Wednesday, February 12, 2020
Yield Curve Inverts
In the textbook, we discussed a normal, or upward sloping, term structure, and an inverted, or downward sloping, term structure. The U.S. Treasury yield curve inverted again on Monday, after inverting at the end of January and in March 2019. An inverted yield curve has preceded the last seven U.S. recessions. However, several analysts are not convinced a recession will result from this inversion. U.S. Treasuries are regarded as a safe haven investment. Given economic issues around the world, the low 10-year yield may be driven by the demand for this bond, not U.S. economic conditions. Here is a question for you: Notice in the first sentence (and in the textbook), we discuss the term structure, but then change to the yield curve. What is the difference between the term structure and a yield curve?
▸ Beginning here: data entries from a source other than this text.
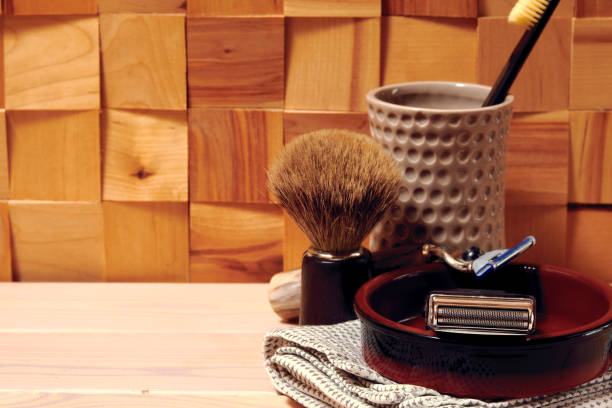 istock Natural shaving tools, trimmer, blade, brush and hygiene equipment 1396993588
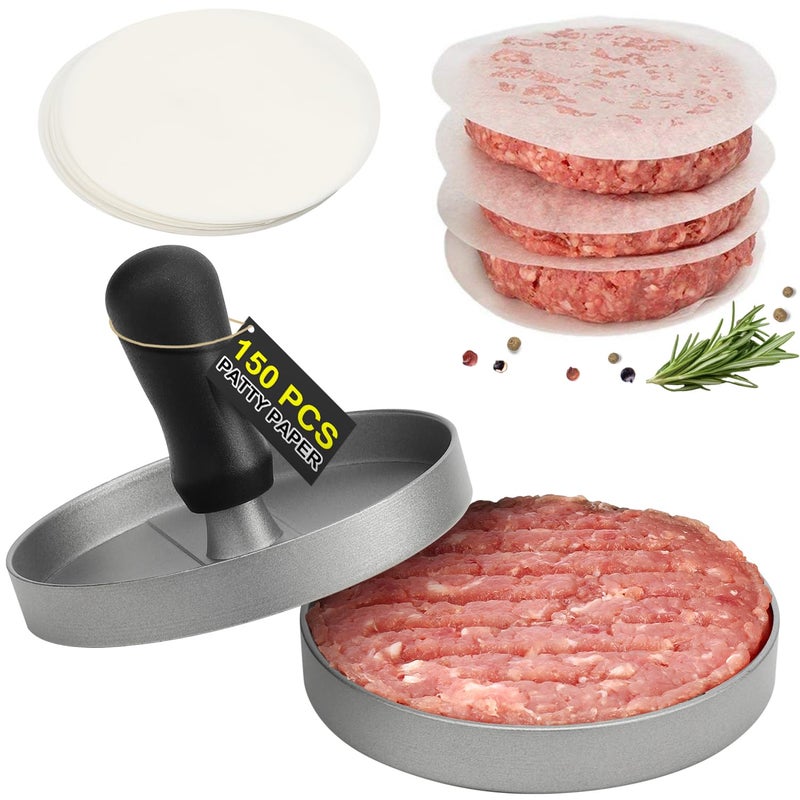 TACGEA Burger Press 150 Patty Papers, Non-Stick Hamburger Patty Maker with Wax Paper, Aluminum Burger Maker for Kitchen BBQ Grill - Image 1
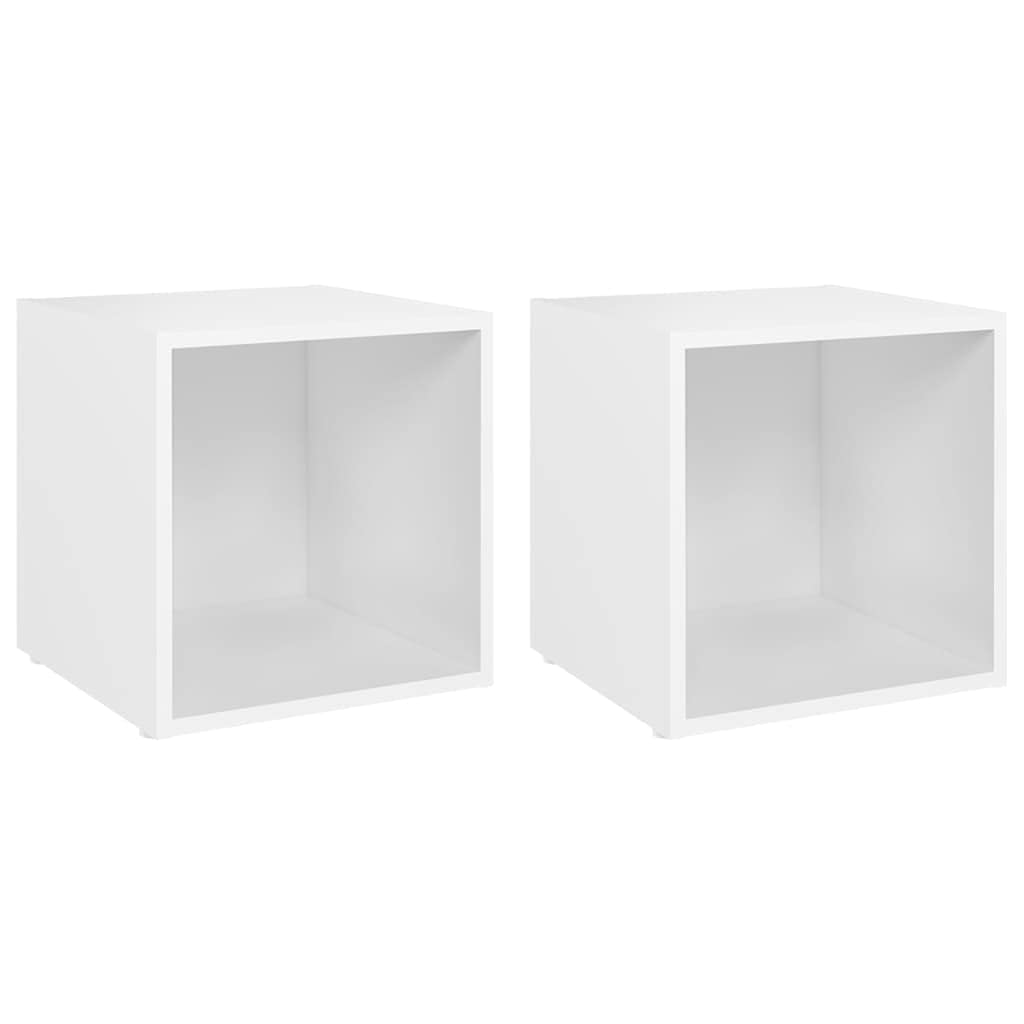 Modern White TV Stand Cube Organizer with Storage Compartments - 2-Piece Set (14.6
Tuesday, February 11, 2020
Cash Balances Increase
The old expression "cash is king" is often followed by corporate treasurers, especially when the economic outlook is uncertain. In the 2019 Cash Management Survey, 42 percent of companies increased cash balances, while only 22 percent reduced cash. Additionally, 62 percent of companies are net investors, with only 38 percent are net borrowers, another indication of a fight to cash. One significant issue found in the survey was that more companies experienced a decrease in operating cash flow during 2019 compared to 2018, an indication of why corporate treasurers are becoming more conservative.
FX Hurts North American Profits
According to a recent report, currency exchange fluctuations reduced North American corporate profits by $11.55 billion in the third quarter of 2019. The loss amounts to an average reduction of $.03 in EPS. The euro was the currency which caused the most losses, affecting about 46 percent of companies. The British pound, Argentine peso, the Australian dollar, and Chinese yuan were next on the list of most impactful currencies.